I would have to side with the former camp, but I can understand the feelings of those who – to employ a tennis term that was often used of Tim Henman – felt that the Giants ‘choked’ when the big tests arrived.

But as with all fanatical followers of sport (so that is just about anyone who cares about their team in whatever the game) there is a large amount of introspection about these issues.

Sometimes it takes others to open our eyes to just what a team has achieved – for the Giants the revelation came in abundance at Monday’s Man of Steel awards.

Previous flirtations with the Challenge Cup final and the play-offs in the last three years have merely been markers along the way as the Giants have made steady progress – and those outside the area barely batted an eye.

But this season has seen the club make an impact that has made watchers of the 13-a-side code across the M62 corridor and beyond sit up and take notice.

Totally deserved is Brett Hodgson’s top player award – few players over recent seasons have had that kind of level of inspiration in such a short space of time.

Equally Nathan Brown’s coaching award, as he has started his way along the trail to realising the dream in an understated yet emphatic style.

And it helps hugely that these two are probably among the most likeable guys you could meet in any sport.

But the Club of the Year award is really the icing on the cake because that has shown how the Giants have gone about ensuring they get the best out of their talent whether they be imports or local youngsters – and irrespective of any perceived place in the pecking order.

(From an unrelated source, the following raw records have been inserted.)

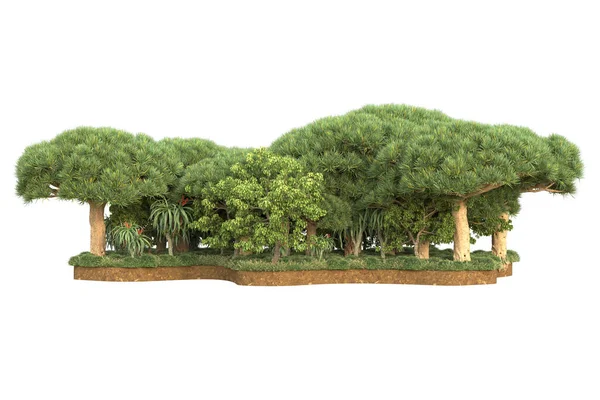 Απόδοση Πράσινων Δέντρων Που Απομονώνονται Λευκό Φόντο — Φωτογραφία Αρχείου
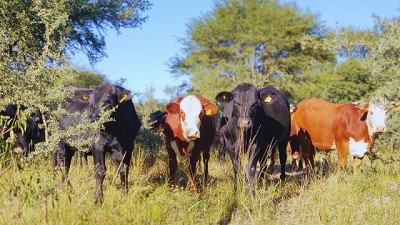 Con manejo respetuoso, es posible integrar a la ganadería con el bosque nativo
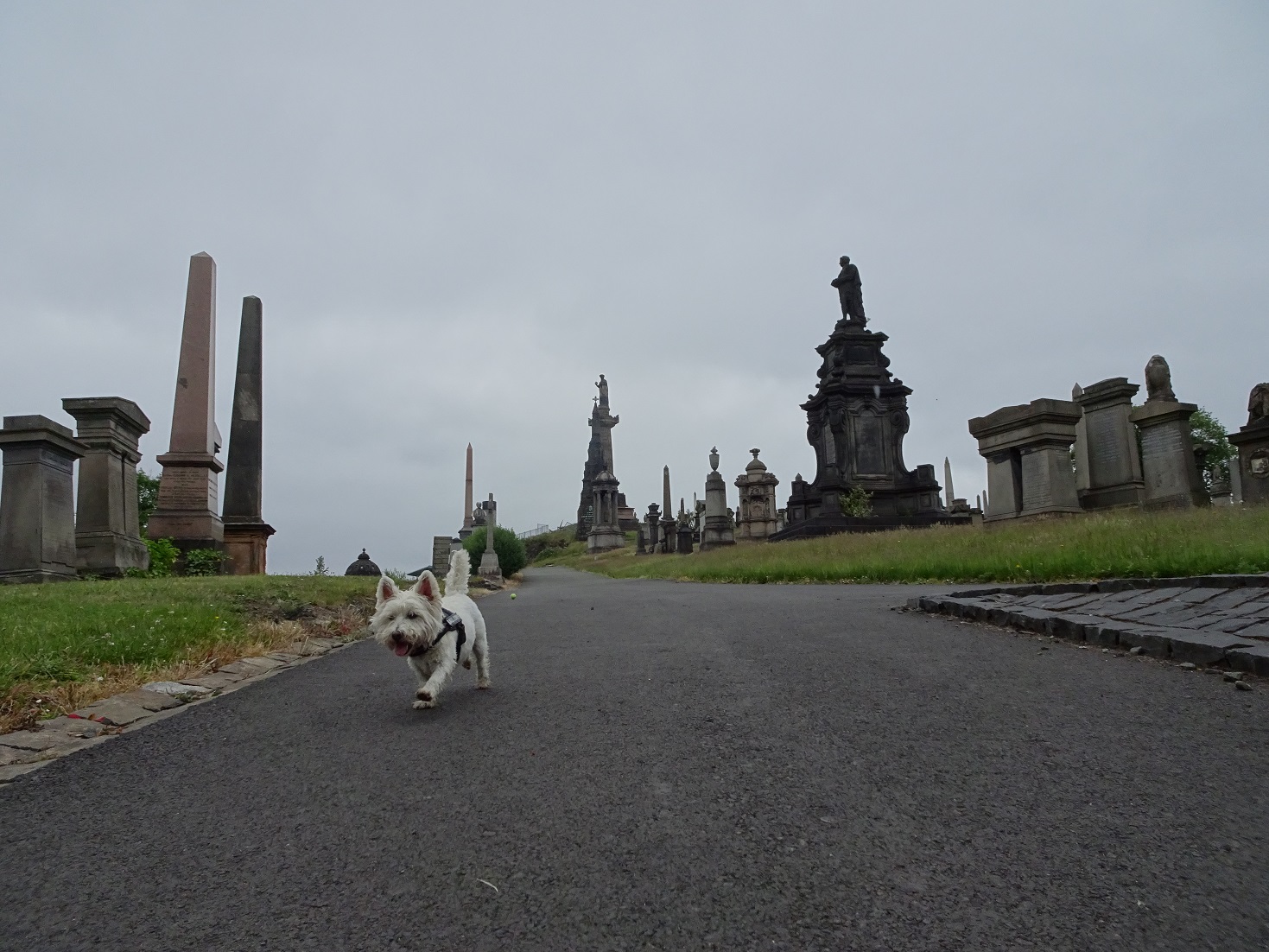 poppy the westie with john knox in background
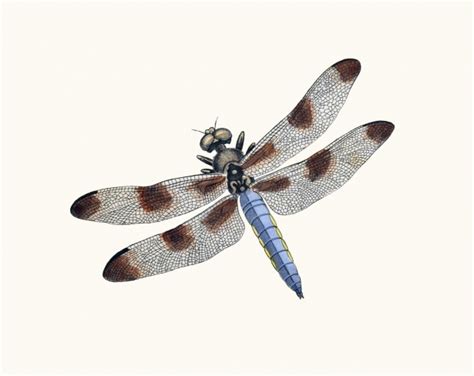 Vintage Dragonfly Illustration Free Stock Photo Public Domain Pictures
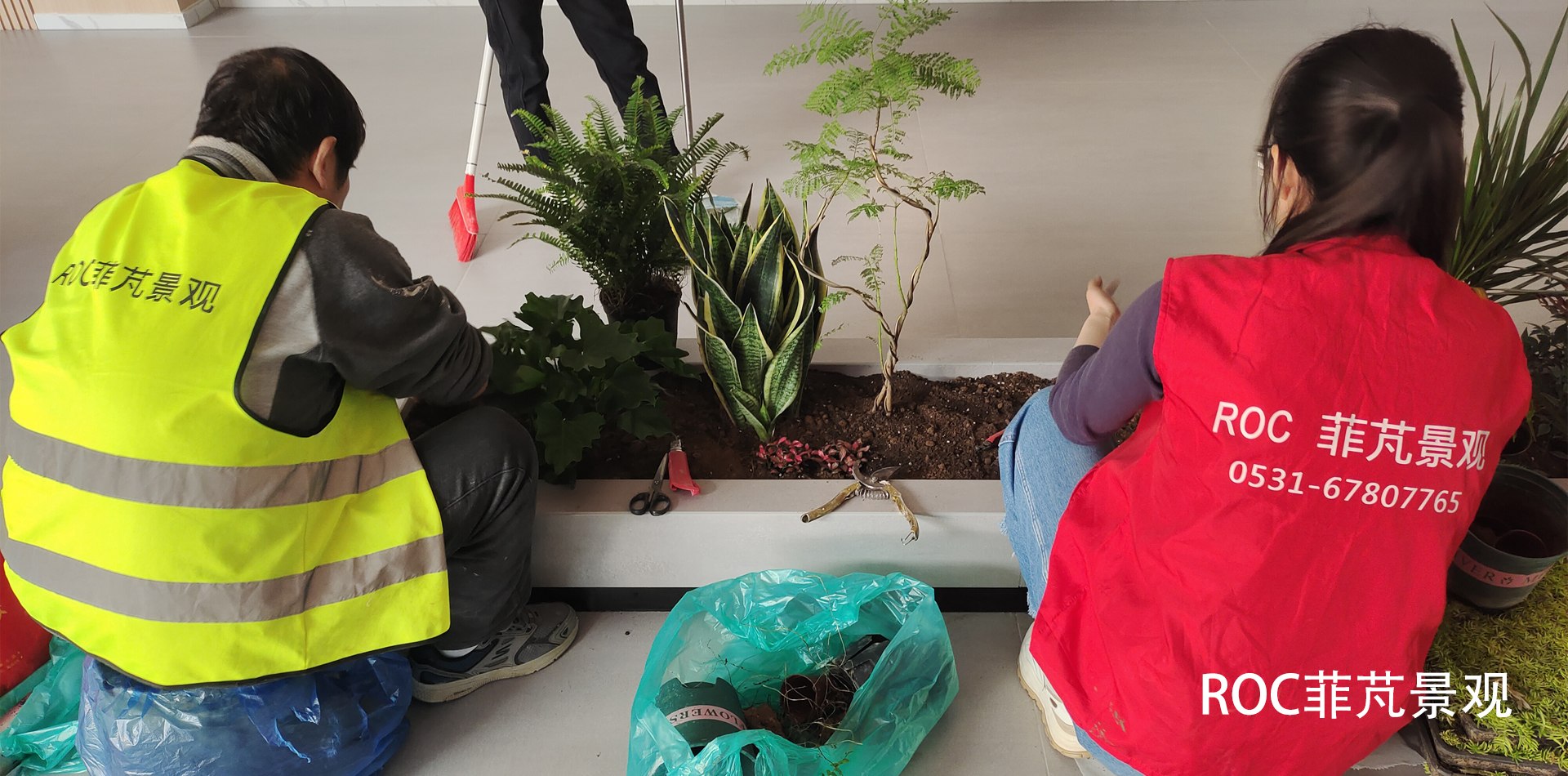 绿意盎然,高淳区绿植花卉养护厂商的生态守护者角色 绿意盎然,高淳区绿植花卉养护厂商的生态守护者角色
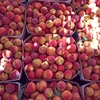 High-quality wholesale natural BIO organic from Moldova delicious fresh peaches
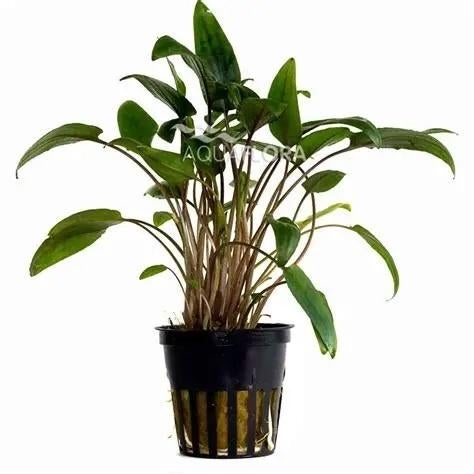 cryptocoryne moehlmannii €4,95, Dieren en Toebehoren, ., Overige typen, Nieuw, Ophalen of Verzenden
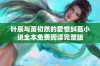 叶辰与萧初然的爱恨纠葛小说全本免费阅读完整版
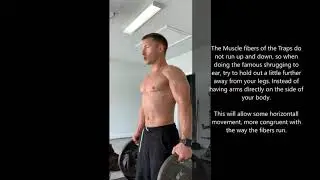 Deadlifts, Traps and Stabilizers- Tailored Technique insta: @tailoredtechnique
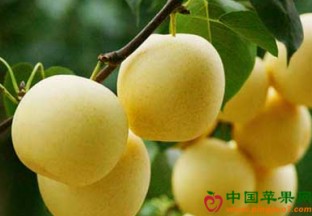 安徽黄山：甘棠镇雪梨丰收 ()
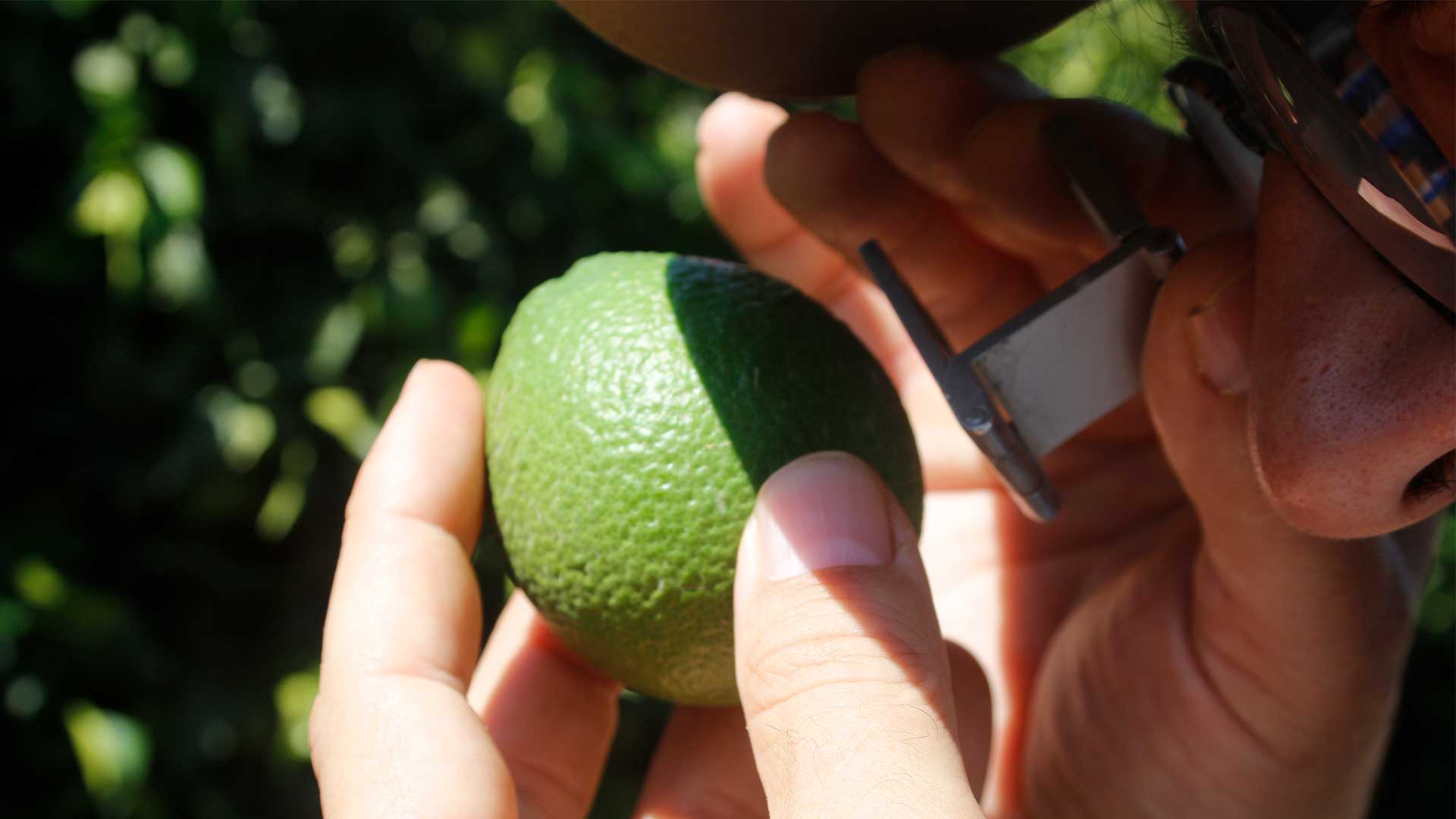 Spanien: Mann betrachtet Mandarine auf Projektfarm von WWF und EDEKA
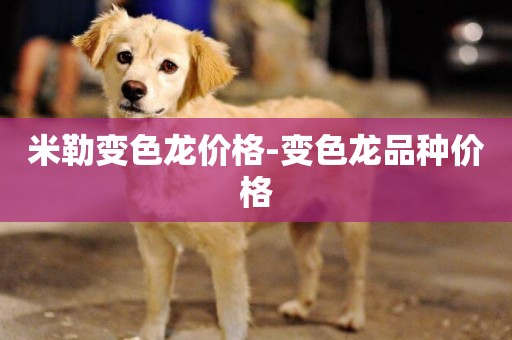 米勒變色龍價格-變色龍品種價格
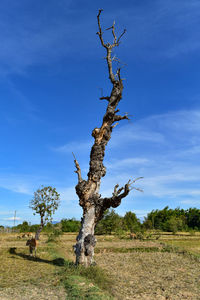Dead tree on field against sky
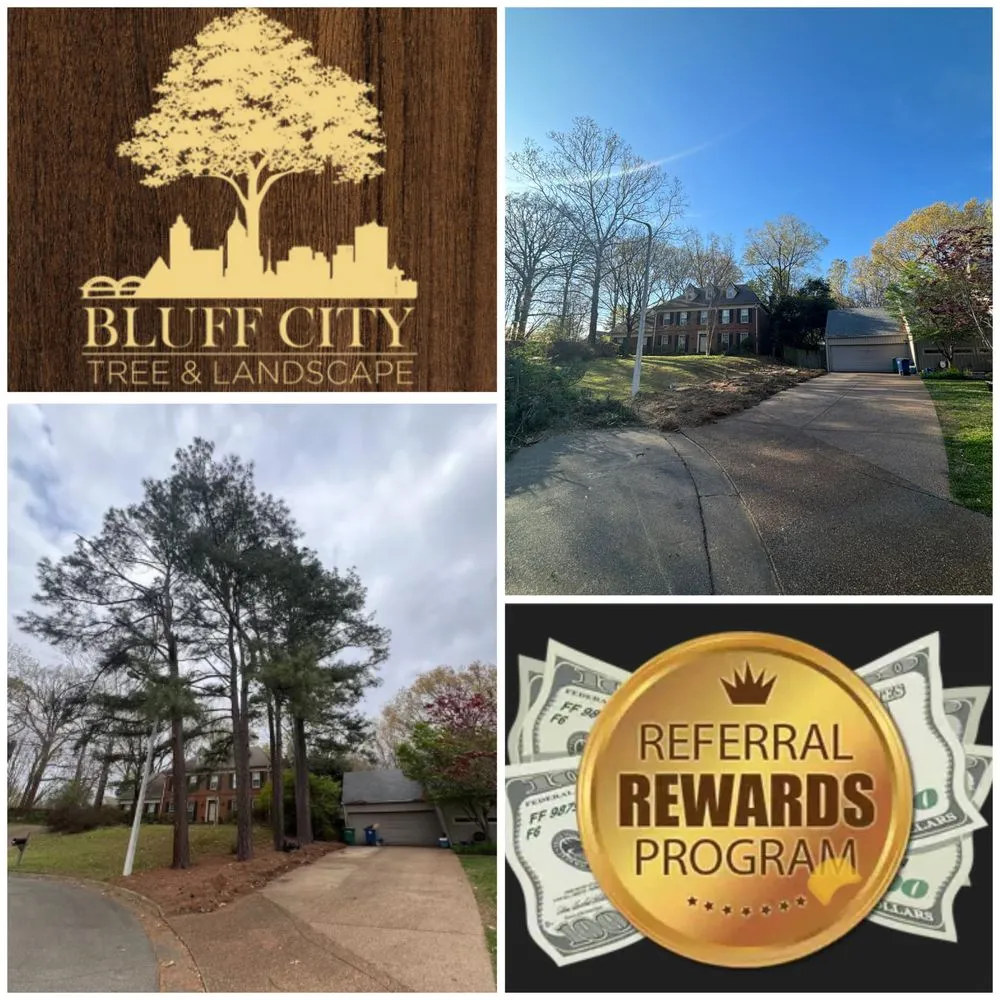 Expert lawn mowing service for outdoor upgrades in Collierville, TN by Bluff City Tree & Landscape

So whether you are a Giants fan who has a pot half empty or a pot half full – the difference this time is that the outside world are now taking you seriously.

Next season will be the one where Huddersfield prove, to paraphrase Skinner and Baddiel, if rugby league is coming home!

ISN’T modern technology a wonderful thing.

England’s game against the Ukraine tomorrow is available only on the internet and, aside from a handful of people who actually can stand sitting for 90 minutes in front of a computer screen and have the money to spend in this manner, the rest of us will be transported back to the 1950s.

I’m sorry folks but we are all going to have to huddle around the wireless and take in our national side in action away from old Blighty just like we did when Sir Stanley Matthews lacked a knighthood and had the ‘twinkliest’ pair of feet on the planet.

So my plea to the BBC Five Live team who will be out there beyond the ‘Iron Curtain’ is to enter into the spirit of this step back in time.

Alan Green for a start can drop the Irish lilt and take on the character of Harry Enfield’s comic creation Mr Cholmondley-Warner and explain the game in patronising, painstaking detail to sidekick Grayson (who hopefully will be a top pundit like Graham Taylor or Jimmy Armfield).

Also they could probably bring back the voice in the background that calmly delivers the phrase ‘E3’ or ‘A2’ as they used to when a grid was printed in the Radio Times to show what area of the pitch the ball was in (though I’m led to believe trying to play battleships while listening to the match could cause significant confusion).

So thank you to Setanta and ‘big money’ television (where money seems to be the only issue) for allowing us to start using our minds and having to imagine just what is happening on the pitch.

I for one will be bedecked in my tweeds, leaning on the mantlepiece, smoking a pipe and listening to the Bakelite hoping that those fine chaps such as Steven Gerrard and Rio (where on earth do they get these names these days!) Ferdinand can get the better of those Cossack types.